[EXERCISE BRIEF] In the listing below, the lines starting at the line with "Chin compression garment" and ending at the line with "48 x 32mm Colour" are to be output verbatim. Images stay out of the copy.

[INFORMATION SUPPLIED]
........

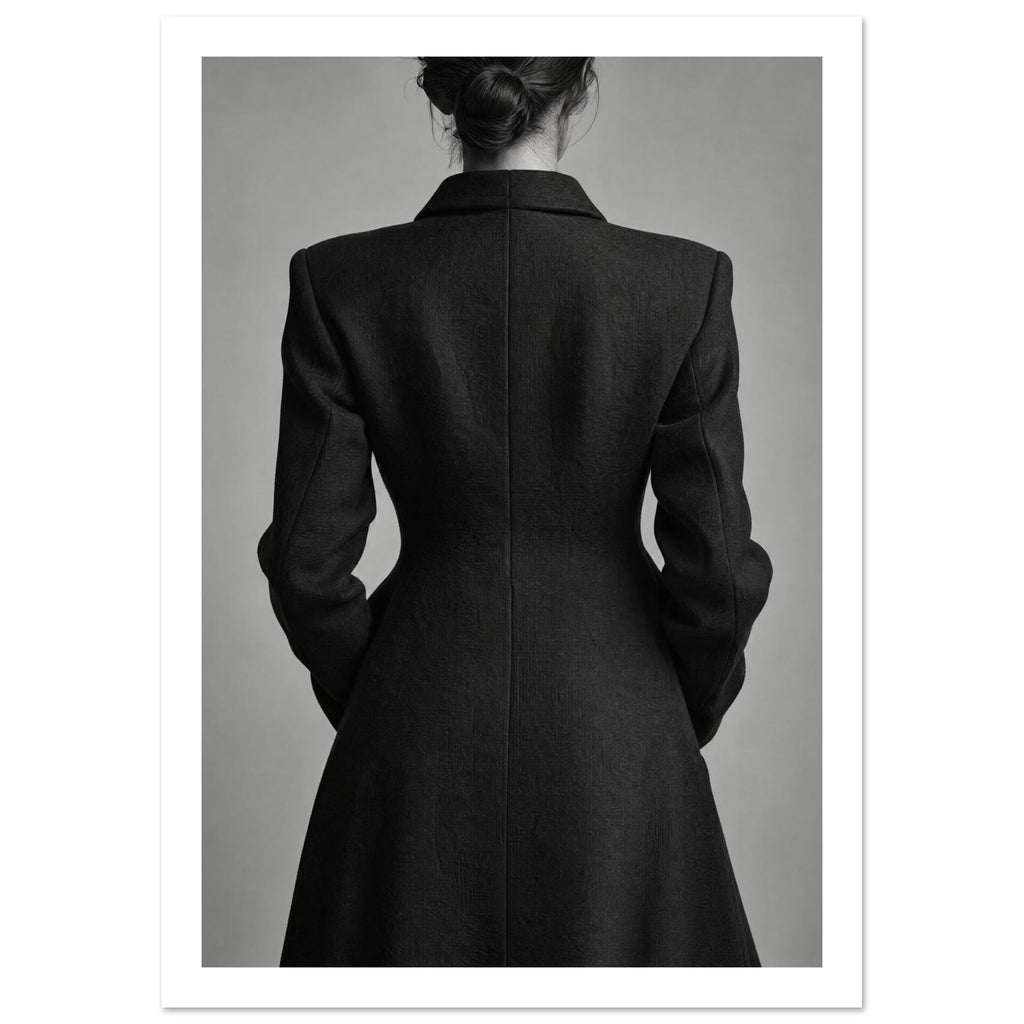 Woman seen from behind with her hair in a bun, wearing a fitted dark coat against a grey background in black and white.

........

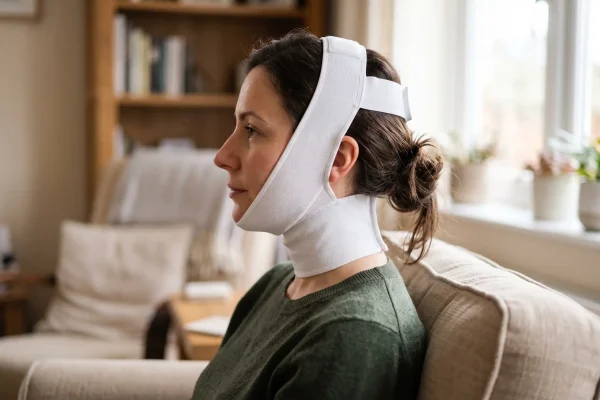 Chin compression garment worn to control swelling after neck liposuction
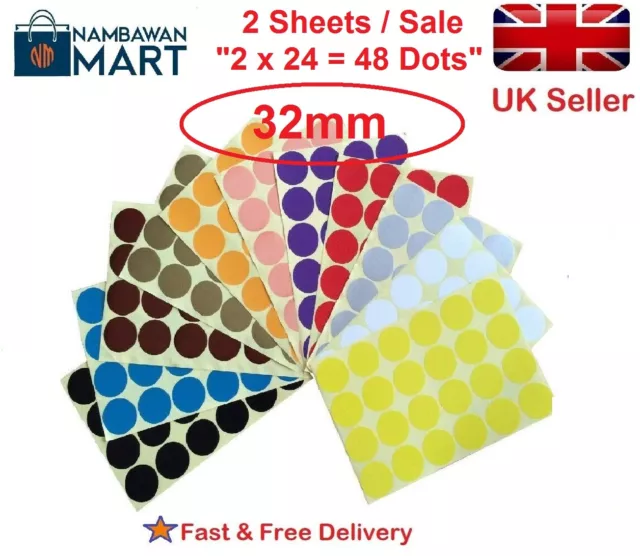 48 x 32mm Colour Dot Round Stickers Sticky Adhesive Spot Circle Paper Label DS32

........

[TASK ANSWER]
 Chin compression garment worn to control swelling after neck liposuction
 48 x 32mm Colour Dot Round Stickers Sticky Adhesive Spot Circle Paper Label DS32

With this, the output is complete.